Samedi, un premier convoi d'aide du Comité international de la Croix-Rouge (CICR) est néanmoins entré au Nagorny Karabakh, tandis que, de la tribune de l'ONU à New York, l'Arménie réclamait l'envoi «immédiat» d'une mission des Nations unies, réitérant ses accusations de «nettoyage ethnique».
Foule en colère
La tension est par ailleurs vive au poste-frontière de Kornidzor, où des dizaines d'Arméniens en colère cherchent à obtenir des nouvelles de leurs proches, a constaté l'AFP. Des rumeurs folles se sont propagées dans la foule et un homme a même à un moment sorti un couteau.
«Mon fils était dans l'armée dans l'Artsakh (le Nagorny Karabakh). Il est vivant mais je m'inquiète pour lui», raconte un homme de 43 ans.
Il dit «espérer que des groupes armés traverseront la frontière». «S'ils le font, j'irai avec eux pour sauver mon fils» de cette enclave montagneuse rattachée en 1921 par le pouvoir soviétique à l'Azerbaïdjan et qui a été par le passé le théâtre de deux guerres: l'une de 1988 à 1994 (30.000 morts) et l'autre à l'automne 2020 (6.500 morts).
Ils peuvent «s'en aller»
Illustration, côté azerbaïdjanais, des traces profondes laissées par l'histoire tourmentée de cette région, dans la bourgade de Beylagan, tout près du Nagorny Karabakh, une galerie de dizaines de portraits de personnes tuées il y a trois ans ou pendant le premier conflit, flanqués de drapeaux azerbaïdjanais, bordent l'artère principale.
«Je soutiens» l'opération en cours de Bakou pour reprendre le contrôle de ce territoire sécessionniste, «notre belle terre a été libérée», s'enflamme auprès d'une journaliste de l'AFP Famil Zalov, un agriculteur d'une cinquantaine d'années.
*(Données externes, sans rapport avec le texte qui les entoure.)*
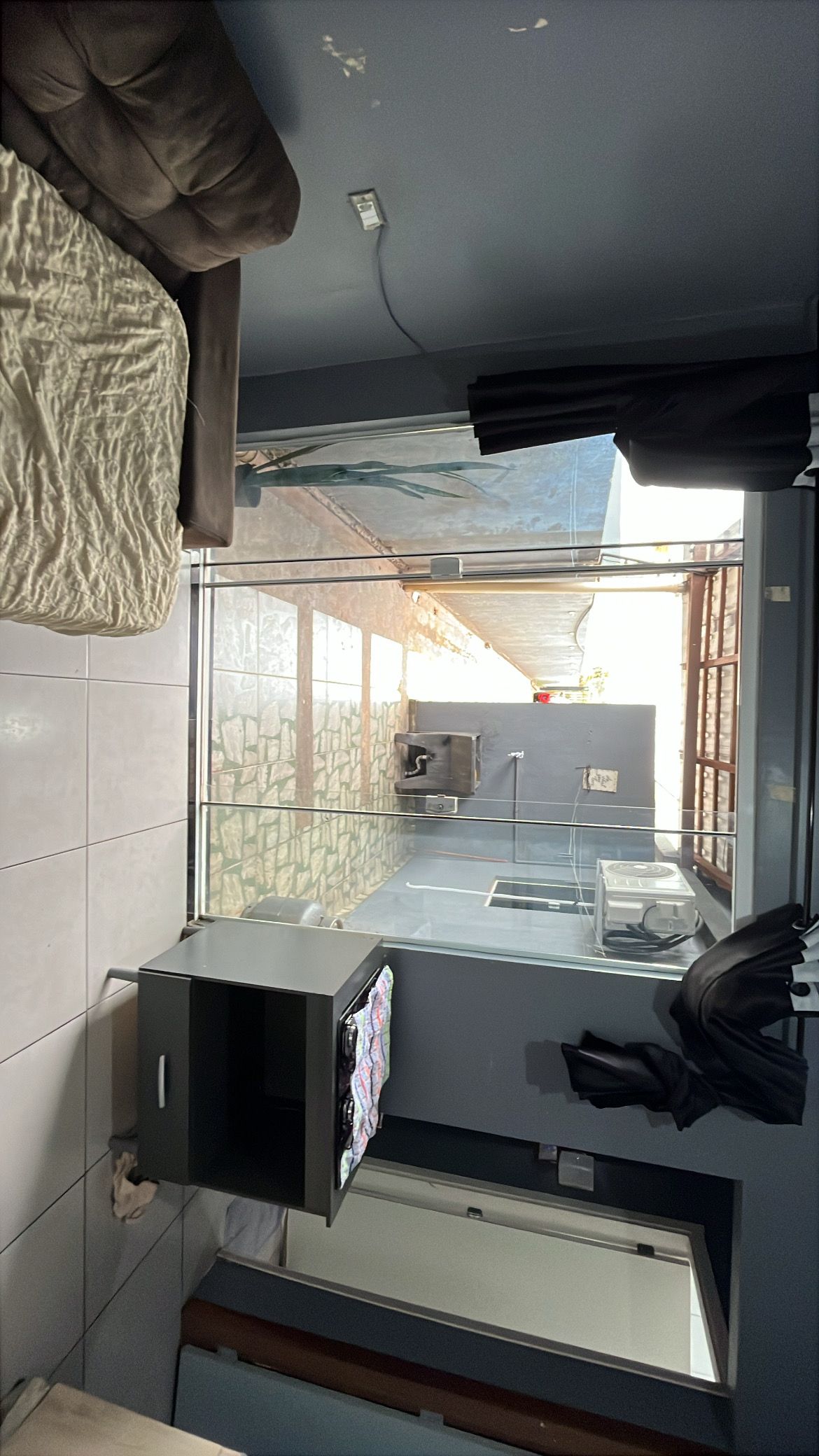 Une cuisine compacte dotée d’un four encastré, d’un petit plan de travail et d’une fenêtre donnant sur un mur en pierre.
Interrogé sur une future cohabitation avec les Arméniens, il lâche aussitôt: «Je ne peux pas personnellement à cause de mon frère de 18 ans tombé en martyr en 1993, je ne peux pas accepter. Le président (Aliev) leur a montré le chemin, le couloir est ouvert, ils peuvent l'utiliser et s'en aller», poursuit-il.
«Je suis fier que mon frère ait obtenu sa vengeance», conclut-il.
Minaya Valieva est née en 1951. «Si vous creusez le sol de ces montagnes (...) vous trouverez des affaires, la veste en laine de notre grand-père, vous trouverez les peignes de notre grand-mère, mais vous ne trouverez rien qui appartienne aux Arméniens ou aux Russes», assure-t-elle.
Mais le conflit ne fait pas l'unanimité en Azerbaïdjan. «Cette semaine, cinq personnes ont été arrêtées en Azerbaïdjan pour des messages postés contre la guerre et quatre autres pour activisme politique», a signalé dimanche la militante azerbaïdjanaise des droits humains Jala Bayramova sur X (anciennement Twitter).
«Tous se sont vu infliger des peines allant de 30 jours d'emprisonnement à deux mois de détention préventive», a-t-elle souligné.